A lot of other computer-architecture literature uses these terms in the opposite sense, but this is the terminology you will find in Intel's optimization manual, and the names of hardware performance counters like uops_issued.any or uops_dispatched_port.port_5.
exactly how long arbitrary arithmetical x86-64 assembly code will take
It depends on the surrounding code as well, because of OoO exec
Your final subps result doesn't have to be ready before the CPU starts running later instructions. Latency only matters for later instructions that need that value as an input, not for integer looping and whatnot.
Sometimes throughput is what matters, and out-of-order exec can hide the latency of multiple independent short dependency chains. (e.g. if you're doing the same thing to every element of a big array of multiple vectors, multiple cross products can be in flight at once.) You'll end up with multiple iterations in flight at once, even though in program order you finish all of one iteration before doing any of the next. (Software pipelining can help for high-latency loop bodies if OoO exec has a hard time doing all the reordering in HW.)
There are three major dimensions to analyze for a short block
You can approximately characterize a short block of non-branching code in terms of these three factors. Usually only one of them is the bottleneck for a given use-case. Often you're looking at a block that you will use as part of a loop, not as the whole loop body, but OoO exec normally works well enough that you can just add up these numbers for a couple different blocks, if they're not so long that OoO window size prevents finding all the ILP.
latency from each input to the output(s). Look at which instructions are on the dependency chain from each input to each output. e.g. one choice might need one input to be ready sooner.
total uop count (for front-end throughput bottlenecks), fused-domain on Intel CPUs. e.g. Core2 and later can in theory issue/rename 4 fused-domain uops per clock into the out-of-order scheduler/ROB. Sandybridge-family can often achieve that in practice with the uop cache and loop buffer, especially Skylake with its improved decoders and uop-cache throughput.
uop count for each back-end execution port (unfused domain). e.g. shuffle-heavy code will often bottleneck on port 5 on Intel CPUs. Intel usually only publishes throughput numbers, not port breakdowns, which is why you have to look at Agner Fog's tables (or IACA output) to do anything meaningful if you're not just repeating the same instruction a zillion times.
Generally you can assuming best-case scheduling/distribution, with uops that can run on other ports not stealing the busy ports very often, but it does happen some. (How are x86 uops scheduled, exactly?)
Looking at CPI is not sufficient; two CPI=1 instructions might or might not compete for the same execution port.

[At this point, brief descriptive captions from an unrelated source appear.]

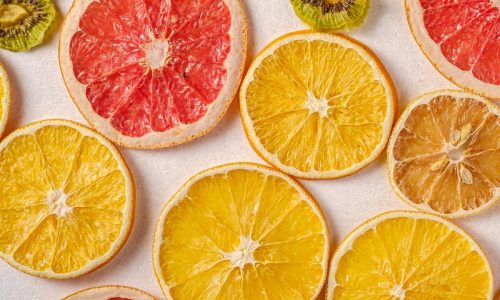 Deshidratación de alimentos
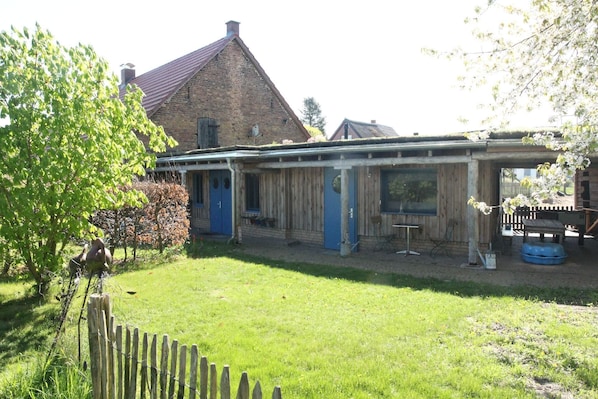 Exteriör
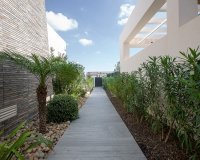 Revente - Villa -
La Finca Golf Resort - Inland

If they don't, they can execute in parallel. e.g. Haswell can only run psadbw on port 0 (5c latency, 1c throughput, i.e. CPI=1) but it's a single uop so a mix of 1 psadbw + 3 add instructions could sustain 4 instructions per clock. There are vector ALUs on 3 different ports in Intel CPUs, with some operations replicated on all 3 (e.g. booleans) and some only on one port (e.g. shifts before Skylake).
Sometimes you can come up with a couple different strategies, one maybe lower latency but costing more uops. A classic example is multiplying by constants like imul eax, ecx, 10 (1 uop, 3c latency on Intel) vs. lea eax, [rcx + rcx*4] / add eax,eax (2 uops, 2c latency). Modern compilers tend to choose 2 LEA vs. 1 IMUL, although clang up to 3.7 favoured IMUL unless it could get the job done with only a single other instruction.
See What is the efficient way to count set bits at a position or lower? for an example of static analysis for a few different ways to implement a function.
See also Why does mulss take only 3 cycles on Haswell, different from Agner's instruction tables? (Unrolling FP loops with multiple accumulators) (which ended up being way more detailed than you'd guess from the question title) for another summary of static analysis, and some neat stuff about unrolling with multiple accumulators for a reduction.
Every (?) functional unit is pipelined
The divider is pipelined in recent CPUs, but not fully pipelined. (FP divide is single-uop, though, so if you do one divps mixed in with dozens of mulps / addps, it can have negligible throughput impact if latency doesn't matter: Floating point division vs floating point multiplication. rcpps + a Newton iteration is worse throughput and about the same latency.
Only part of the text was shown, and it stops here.